▶ TASK DETAILS: Reproduce exactly the final portion of the data: every line from the one containing "Municipal Road Intersection" through the last line, inclusive.

Records contained in a dataset:
**********

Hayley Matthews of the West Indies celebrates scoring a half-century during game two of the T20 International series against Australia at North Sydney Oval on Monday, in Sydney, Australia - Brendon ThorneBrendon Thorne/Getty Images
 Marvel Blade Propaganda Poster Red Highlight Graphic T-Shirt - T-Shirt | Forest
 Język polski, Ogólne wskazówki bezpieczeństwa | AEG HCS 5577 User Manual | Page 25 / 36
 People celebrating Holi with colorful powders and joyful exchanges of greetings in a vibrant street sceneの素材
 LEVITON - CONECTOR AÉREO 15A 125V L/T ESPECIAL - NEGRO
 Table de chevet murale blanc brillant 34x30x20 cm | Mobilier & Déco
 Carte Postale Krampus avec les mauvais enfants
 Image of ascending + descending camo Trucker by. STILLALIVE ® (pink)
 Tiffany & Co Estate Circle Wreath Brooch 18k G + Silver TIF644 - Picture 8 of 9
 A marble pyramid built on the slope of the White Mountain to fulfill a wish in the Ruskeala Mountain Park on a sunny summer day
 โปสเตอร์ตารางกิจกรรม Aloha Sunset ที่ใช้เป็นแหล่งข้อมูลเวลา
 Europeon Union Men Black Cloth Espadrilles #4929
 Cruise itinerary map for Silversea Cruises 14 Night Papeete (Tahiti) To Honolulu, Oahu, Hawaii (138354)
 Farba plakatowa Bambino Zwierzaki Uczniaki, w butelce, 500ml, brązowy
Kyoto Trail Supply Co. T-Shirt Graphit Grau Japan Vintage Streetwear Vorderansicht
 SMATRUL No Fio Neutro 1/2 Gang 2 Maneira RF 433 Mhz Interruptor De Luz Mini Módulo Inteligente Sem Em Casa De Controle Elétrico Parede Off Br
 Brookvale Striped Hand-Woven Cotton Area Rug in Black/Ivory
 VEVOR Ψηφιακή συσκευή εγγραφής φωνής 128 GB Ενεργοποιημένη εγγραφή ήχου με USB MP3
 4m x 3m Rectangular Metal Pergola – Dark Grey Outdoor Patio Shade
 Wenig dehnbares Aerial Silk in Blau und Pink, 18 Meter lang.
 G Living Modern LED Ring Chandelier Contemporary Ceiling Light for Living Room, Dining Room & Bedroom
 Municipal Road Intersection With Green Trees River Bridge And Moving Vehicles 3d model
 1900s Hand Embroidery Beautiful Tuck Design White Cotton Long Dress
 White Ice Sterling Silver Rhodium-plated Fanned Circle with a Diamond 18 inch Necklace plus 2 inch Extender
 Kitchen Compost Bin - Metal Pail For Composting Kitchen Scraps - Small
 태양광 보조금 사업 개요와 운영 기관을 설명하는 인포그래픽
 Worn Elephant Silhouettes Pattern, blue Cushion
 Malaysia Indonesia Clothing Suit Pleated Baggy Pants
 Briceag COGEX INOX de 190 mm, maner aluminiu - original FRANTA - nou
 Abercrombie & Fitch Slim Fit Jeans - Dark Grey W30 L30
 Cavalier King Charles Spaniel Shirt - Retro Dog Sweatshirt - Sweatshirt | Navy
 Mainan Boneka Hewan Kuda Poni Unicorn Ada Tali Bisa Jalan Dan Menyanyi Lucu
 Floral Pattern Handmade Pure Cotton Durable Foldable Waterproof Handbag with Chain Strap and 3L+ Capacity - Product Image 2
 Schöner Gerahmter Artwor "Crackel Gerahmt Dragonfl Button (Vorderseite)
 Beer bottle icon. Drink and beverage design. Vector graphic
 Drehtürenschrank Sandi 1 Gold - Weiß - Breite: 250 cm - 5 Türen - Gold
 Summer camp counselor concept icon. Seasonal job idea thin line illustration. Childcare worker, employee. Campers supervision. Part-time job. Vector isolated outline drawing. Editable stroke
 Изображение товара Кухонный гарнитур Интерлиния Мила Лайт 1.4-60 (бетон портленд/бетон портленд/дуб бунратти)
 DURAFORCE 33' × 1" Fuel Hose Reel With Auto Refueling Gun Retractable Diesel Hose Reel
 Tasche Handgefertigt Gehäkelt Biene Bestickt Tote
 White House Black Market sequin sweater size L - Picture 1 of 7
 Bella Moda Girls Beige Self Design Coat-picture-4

**********

▶ RESULT OF THE TASK:
 Municipal Road Intersection With Green Trees River Bridge And Moving Vehicles 3d model
 1900s Hand Embroidery Beautiful Tuck Design White Cotton Long Dress
 White Ice Sterling Silver Rhodium-plated Fanned Circle with a Diamond 18 inch Necklace plus 2 inch Extender
 Kitchen Compost Bin - Metal Pail For Composting Kitchen Scraps - Small
 태양광 보조금 사업 개요와 운영 기관을 설명하는 인포그래픽
 Worn Elephant Silhouettes Pattern, blue Cushion
 Malaysia Indonesia Clothing Suit Pleated Baggy Pants
 Briceag COGEX INOX de 190 mm, maner aluminiu - original FRANTA - nou
 Abercrombie & Fitch Slim Fit Jeans - Dark Grey W30 L30
 Cavalier King Charles Spaniel Shirt - Retro Dog Sweatshirt - Sweatshirt | Navy
 Mainan Boneka Hewan Kuda Poni Unicorn Ada Tali Bisa Jalan Dan Menyanyi Lucu
 Floral Pattern Handmade Pure Cotton Durable Foldable Waterproof Handbag with Chain Strap and 3L+ Capacity - Product Image 2
 Schöner Gerahmter Artwor "Crackel Gerahmt Dragonfl Button (Vorderseite)
 Beer bottle icon. Drink and beverage design. Vector graphic
 Drehtürenschrank Sandi 1 Gold - Weiß - Breite: 250 cm - 5 Türen - Gold
 Summer camp counselor concept icon. Seasonal job idea thin line illustration. Childcare worker, employee. Campers supervision. Part-time job. Vector isolated outline drawing. Editable stroke
 Изображение товара Кухонный гарнитур Интерлиния Мила Лайт 1.4-60 (бетон портленд/бетон портленд/дуб бунратти)
 DURAFORCE 33' × 1" Fuel Hose Reel With Auto Refueling Gun Retractable Diesel Hose Reel
 Tasche Handgefertigt Gehäkelt Biene Bestickt Tote
 White House Black Market sequin sweater size L - Picture 1 of 7
 Bella Moda Girls Beige Self Design Coat-picture-4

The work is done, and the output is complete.